Shirley entra no vagão do trem, há apenas ela e mais três passageiros: dois homens e uma mulher. Escolhe uma poltrona, se senta, abre o livro de Emily Dickinson com o desenho de um quadro de Edward Hopper na capa. Todos estão solitários, viajam sozinhos, não se interagem, o espaço é apenas um lugar para se estar, transitório, passageiro para o corpo, para as relações, para o superficial contato. 

O filme de Gustav Deutsch narra a trajetória de Shirley através de treze quadros, no sentido específico da pintura, sobre os dias e noites do dia 28 de agosto de 1931 passando por anos importantes até 1963, com os principais acontecimentos do período, como a grande depressão nos Estados Unidos, o início da Segunda Guerra Mundial (1939), a Revolução Cubana (1959), entre outros. 

A proposta do diretor é estreitar a relação entre pintura e cinema, é transpor, traduzir os quadros de Edward Hopper para uma linguagem cinematográfica, mas que privilegie a referência, a base pictórica na fotografia do filme.

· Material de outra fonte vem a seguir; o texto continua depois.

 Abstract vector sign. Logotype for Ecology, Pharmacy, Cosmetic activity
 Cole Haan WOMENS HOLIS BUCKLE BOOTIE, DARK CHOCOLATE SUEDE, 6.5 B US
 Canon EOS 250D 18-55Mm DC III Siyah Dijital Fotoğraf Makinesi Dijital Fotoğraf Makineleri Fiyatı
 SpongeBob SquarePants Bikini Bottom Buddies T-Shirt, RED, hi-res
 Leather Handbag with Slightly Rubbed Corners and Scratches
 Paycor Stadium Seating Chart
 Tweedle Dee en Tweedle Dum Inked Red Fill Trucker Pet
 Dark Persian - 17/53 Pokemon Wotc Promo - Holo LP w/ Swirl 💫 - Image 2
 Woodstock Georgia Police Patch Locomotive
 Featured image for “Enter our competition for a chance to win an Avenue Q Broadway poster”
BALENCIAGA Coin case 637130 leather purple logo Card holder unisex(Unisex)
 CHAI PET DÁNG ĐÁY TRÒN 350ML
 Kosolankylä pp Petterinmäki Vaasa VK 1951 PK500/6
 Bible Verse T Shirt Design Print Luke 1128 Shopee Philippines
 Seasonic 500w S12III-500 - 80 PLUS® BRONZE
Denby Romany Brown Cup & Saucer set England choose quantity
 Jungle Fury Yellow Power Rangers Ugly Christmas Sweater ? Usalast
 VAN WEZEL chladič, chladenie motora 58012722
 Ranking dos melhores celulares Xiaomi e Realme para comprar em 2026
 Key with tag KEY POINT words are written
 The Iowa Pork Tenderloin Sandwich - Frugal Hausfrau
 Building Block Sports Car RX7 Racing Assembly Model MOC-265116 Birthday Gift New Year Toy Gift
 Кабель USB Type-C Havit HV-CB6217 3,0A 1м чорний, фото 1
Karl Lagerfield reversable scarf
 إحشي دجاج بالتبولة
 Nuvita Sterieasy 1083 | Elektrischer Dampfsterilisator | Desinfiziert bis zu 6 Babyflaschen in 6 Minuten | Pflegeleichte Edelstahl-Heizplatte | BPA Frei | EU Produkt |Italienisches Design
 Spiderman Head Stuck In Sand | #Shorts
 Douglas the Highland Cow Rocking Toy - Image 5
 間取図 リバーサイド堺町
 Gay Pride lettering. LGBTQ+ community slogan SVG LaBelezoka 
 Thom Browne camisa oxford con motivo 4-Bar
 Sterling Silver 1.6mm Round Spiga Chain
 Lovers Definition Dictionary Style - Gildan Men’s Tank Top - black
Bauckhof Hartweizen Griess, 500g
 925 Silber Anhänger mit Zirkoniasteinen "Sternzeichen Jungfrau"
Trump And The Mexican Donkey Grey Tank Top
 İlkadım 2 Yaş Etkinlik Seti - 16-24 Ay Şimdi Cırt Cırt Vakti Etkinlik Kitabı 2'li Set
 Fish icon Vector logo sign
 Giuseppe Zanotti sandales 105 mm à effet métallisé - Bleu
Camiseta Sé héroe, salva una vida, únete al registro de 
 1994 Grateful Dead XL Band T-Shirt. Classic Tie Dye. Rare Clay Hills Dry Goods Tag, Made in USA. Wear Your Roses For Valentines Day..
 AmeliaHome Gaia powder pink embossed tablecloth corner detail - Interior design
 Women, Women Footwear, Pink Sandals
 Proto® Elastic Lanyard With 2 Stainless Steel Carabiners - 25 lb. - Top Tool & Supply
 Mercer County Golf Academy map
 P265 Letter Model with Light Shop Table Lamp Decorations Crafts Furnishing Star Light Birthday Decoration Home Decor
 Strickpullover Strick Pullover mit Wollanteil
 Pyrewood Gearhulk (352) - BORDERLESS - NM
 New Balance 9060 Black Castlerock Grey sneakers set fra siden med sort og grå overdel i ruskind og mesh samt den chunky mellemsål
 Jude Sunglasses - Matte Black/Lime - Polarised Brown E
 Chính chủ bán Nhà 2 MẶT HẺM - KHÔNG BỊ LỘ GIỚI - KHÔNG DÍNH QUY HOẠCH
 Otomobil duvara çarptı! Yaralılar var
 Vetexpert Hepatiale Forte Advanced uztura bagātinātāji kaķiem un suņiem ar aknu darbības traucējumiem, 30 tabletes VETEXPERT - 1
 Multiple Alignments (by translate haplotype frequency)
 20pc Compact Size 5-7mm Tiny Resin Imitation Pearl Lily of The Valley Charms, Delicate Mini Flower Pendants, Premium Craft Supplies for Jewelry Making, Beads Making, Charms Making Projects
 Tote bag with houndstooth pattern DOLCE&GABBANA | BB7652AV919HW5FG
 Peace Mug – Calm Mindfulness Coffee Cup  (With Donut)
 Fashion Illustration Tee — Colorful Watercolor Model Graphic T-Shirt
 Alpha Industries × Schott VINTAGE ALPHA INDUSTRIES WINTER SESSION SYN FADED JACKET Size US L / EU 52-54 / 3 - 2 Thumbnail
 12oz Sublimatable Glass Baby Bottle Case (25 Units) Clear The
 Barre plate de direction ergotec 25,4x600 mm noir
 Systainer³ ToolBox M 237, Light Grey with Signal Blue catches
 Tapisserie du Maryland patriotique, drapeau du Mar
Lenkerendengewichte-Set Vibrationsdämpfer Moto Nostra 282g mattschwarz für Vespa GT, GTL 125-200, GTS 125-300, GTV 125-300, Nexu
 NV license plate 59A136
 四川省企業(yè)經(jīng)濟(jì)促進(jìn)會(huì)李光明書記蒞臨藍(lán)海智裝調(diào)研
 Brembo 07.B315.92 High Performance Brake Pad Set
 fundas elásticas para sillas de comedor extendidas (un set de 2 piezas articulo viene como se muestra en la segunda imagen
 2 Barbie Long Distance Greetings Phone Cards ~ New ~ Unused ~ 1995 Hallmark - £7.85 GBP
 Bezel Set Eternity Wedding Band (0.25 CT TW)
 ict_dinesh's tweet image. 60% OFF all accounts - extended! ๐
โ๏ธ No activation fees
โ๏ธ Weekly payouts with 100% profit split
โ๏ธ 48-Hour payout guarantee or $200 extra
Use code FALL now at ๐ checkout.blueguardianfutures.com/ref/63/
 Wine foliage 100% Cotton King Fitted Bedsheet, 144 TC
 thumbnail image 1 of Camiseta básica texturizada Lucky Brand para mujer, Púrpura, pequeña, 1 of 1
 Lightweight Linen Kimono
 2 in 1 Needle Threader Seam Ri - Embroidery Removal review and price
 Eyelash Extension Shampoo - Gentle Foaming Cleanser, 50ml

O pintor estadunidense se destacou na pintura, na arte do século XX, por retratar cenas da sociedade moderna, com os seus locais grandes com o homem estático, confinado em espaços pequenos. Em seus quadros há uma paisagem urbana desolada, deserta, melancólica. 

O início da percepção das transformações da sociedade moderna ocorreu com um lírico no auge do capitalismo. O poeta francês Charles Baudelaire foi o primeiro a retratar, em seus poemas, em seus quadros parisienses, a vida, os temas de uma nova sociedade que se configurava. As “flores do mal”, que germinam no espaço urbano, criam sentimentos de tédio, a revolta, a morte, a necessidade da embriaguez pelo vinho. O homem está sozinho em meio à multidão, caminha, flana pelo espaço lotado urbano. Percebe a transitoriedade de passantes, acaricia gatos, admira a beleza transitória. 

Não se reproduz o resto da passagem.